I have heard there are rules for writing that must be followed, especially by new authors.
In life, I've probably mostly followed the rules. Tie your shoes. Comb your hair. Cross your Ts and dot your lower case Js. Don't let the bed bugs bite. But I usually didn't like it much, especially when the rules seemed arbitrary. Perhaps if someone explained why it's so critically important to not go swimming for at least an hour after eating, I might be more inclined to obey. Maybe.
Here's a rule I heard at a writing seminar given by a noted author. "Eliminate all forms of the verb to be." That encompasses a lot: am, are, is, was, were, be, being, been, and the helper verb will. This speaker advocated use of action verbs, such as see and jump and run. It reminds me of some ancient elementary school books. Run, Dick, run. Run, run, run. See Jane jump. Jump, jump, jump.

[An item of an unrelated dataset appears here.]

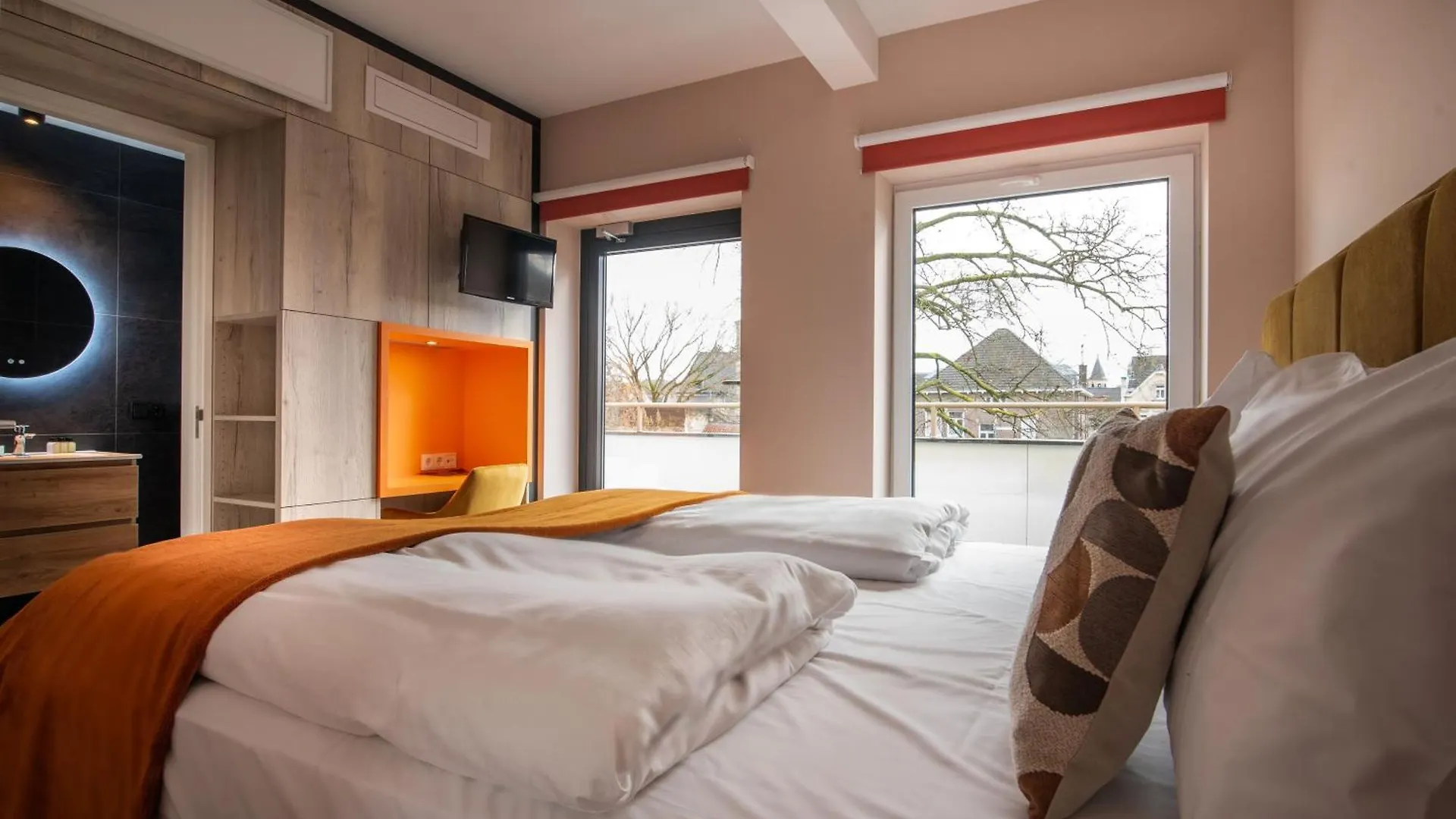 Hotel Parkzicht Valkenburg aan de Geul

This rule, while perhaps wise, neglects to consider the value of the "forbidden verb" in some of our most cherished literature:
"To be, or not to be, that is the question." (Hamlet by Shakespeare)
"It was the best of times, it was the worst of times,...." (A Tale of Two Cities by Charles Dickens)
"Fuzzy Wuzzy was a bear, Fuzzy Wuzzy had no hair, Fuzzy Wuzzy wasn't fuzzy, was he?" (Fuzzy Wuzzy by Rudyard Kipling).
Another rule I've heard is that a writer should never, absolutely never, start a sentence with a conjunction.
And with that thought in mind, I am certain that rules are meant to be broken.